## DATA TO PROCESS
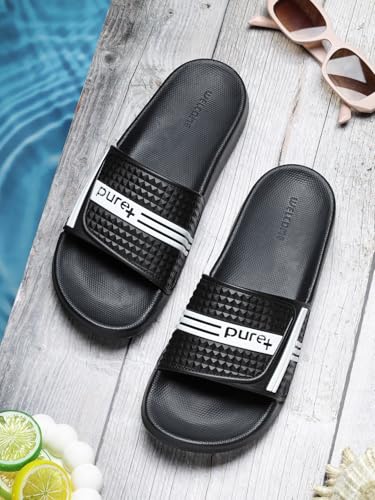 Image of URJO PURE 55 Men's Sliders /Slippers Lightweight Super Flexible Arch Support Durable Anti Skid & Stylish Dailywear Sliders /Slippers for Men (URJO By Welcome)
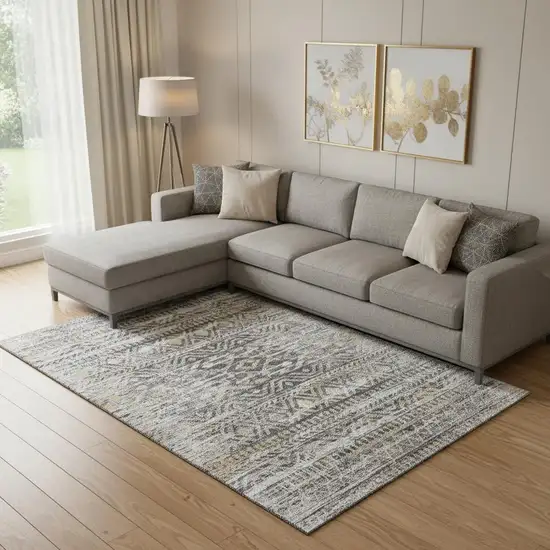 Gray Gold And Ivory Moroccan Washable Area Rug With UV Protection Photo 2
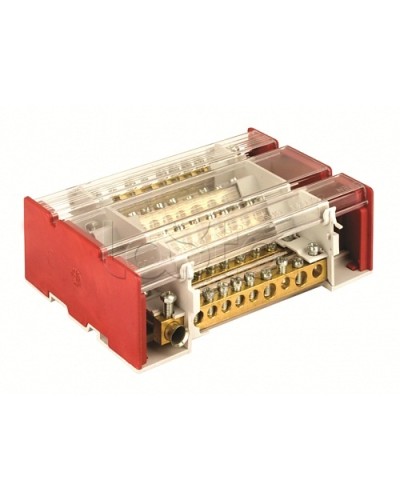 Блок распределительный на DIN рейку c выносной клеммой 4р 160А, 7х7мм 1х8мм 1х9мм 1х12мм DKC BD3160104 в Октябрьском Аксессуары для стоек и шкафов Pintop.ru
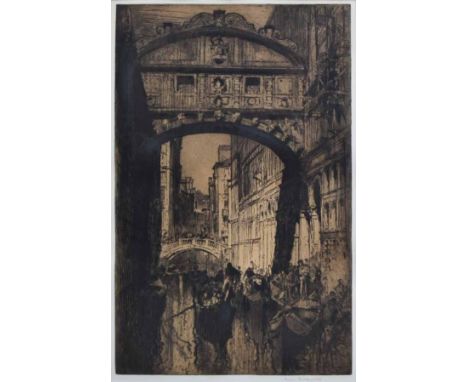 Sir Frank Brangwyn R.A (1867-1956),  "The Bridge of Sighs, Venice", signed in pencil in the margin, etching, plate size 70 x 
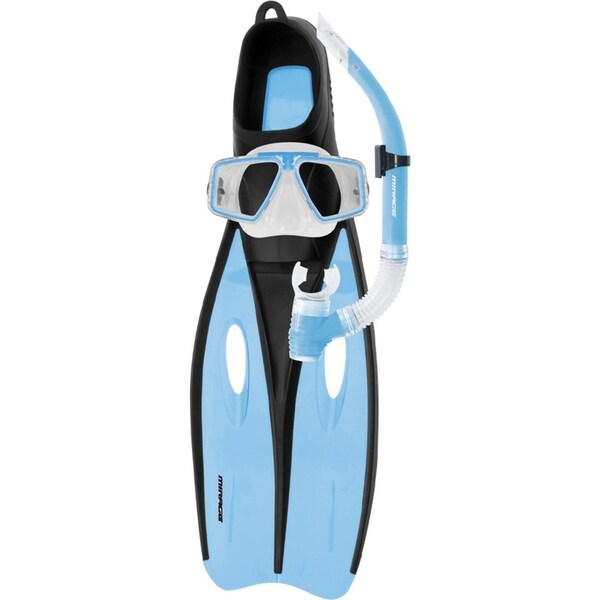 3pc Mirage Challenger Swimming Adult Mask/Snorkel/Flipper Set Sky Blue Medium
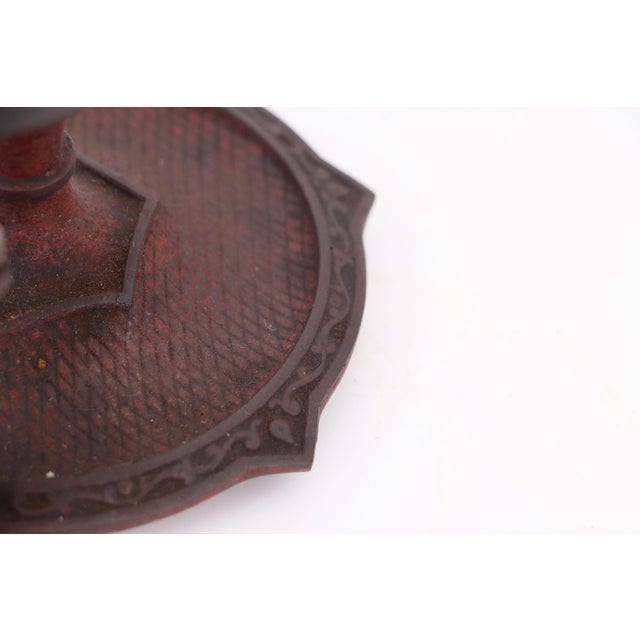 Exquisite Cast Iron Chamberstick With Porcelain Reflector, French, 19th Century For Sale - Image 14 of 17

## YOUR OBJECTIVE
Every line of the material must be returned verbatim, and pictures must be left behind.

## TASK RESULT
 Image of URJO PURE 55 Men's Sliders /Slippers Lightweight Super Flexible Arch Support Durable Anti Skid & Stylish Dailywear Sliders /Slippers for Men (URJO By Welcome)
 Gray Gold And Ivory Moroccan Washable Area Rug With UV Protection Photo 2
 Блок распределительный на DIN рейку c выносной клеммой 4р 160А, 7х7мм 1х8мм 1х9мм 1х12мм DKC BD3160104 в Октябрьском Аксессуары для стоек и шкафов Pintop.ru
 Sir Frank Brangwyn R.A (1867-1956),  "The Bridge of Sighs, Venice", signed in pencil in the margin, etching, plate size 70 x 
 3pc Mirage Challenger Swimming Adult Mask/Snorkel/Flipper Set Sky Blue Medium
 Exquisite Cast Iron Chamberstick With Porcelain Reflector, French, 19th Century For Sale - Image 14 of 17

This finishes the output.